Almeida entende que Bolsonaro, que “pegou carona na cruzada contra a corrupção”, entra em choque com tais setores por dois vetores. Primeiro, por conta das implicações criminais que envolvem a própria família -- elementos do caso Queiroz como a relação com milicianos. Depois, pelo próprio projeto político desenhado pelo presidente, que não admite “organismos de fiscalização e controle independentes”.
Do ponto de vista das questões particulares, Almeida ressalta a decisão recente do presidente do STF em relação à suspensão de investigações do Ministério Público com base em informes do Coaf repassados sem autorização judicial, caso no qual se inclui o procedimento contra Flávio Bolsonaro e Queiroz.
O cientista político ressalta, entretanto, que mesmo que esta situação familiar estivesse ausente, há razões para o Executivo evitar uma postura abertamente ofensiva em relação ao STF.

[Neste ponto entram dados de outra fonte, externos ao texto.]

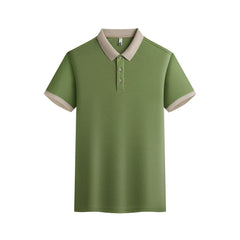 HEARUJOY  -  Summer Men's Clothing Luxury Knit Short Sleeve Polo Shirt Retro Button-down Patchwork Popular Fashion Business Casual T-shirt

“O Toffoli está desde as eleições sinalizando para o Bolsonaro, uma tentativa de alinhamento. A CPI da Lava Toga teria como alvo preferencial o Supremo. Bolsonaro sabe que depende do Supremo para questões de reforma econômica”, afirma.
Do outro lado
Enquanto a Lava Toga divide a direita, a minoria parlamentar irá iniciar uma campanha para a instalação da CPI da Vaza Jato, tendo como base as revelações publicadas pelo site The Intercept Brasil. Os alvos seriam, nesse sentido, Deltan Dallagnol e Sérgio Moro.
A novidade é que a articulação pela CPI terá também um caráter extraparlamentar, envolvendo artistas, advogados e jornalistas.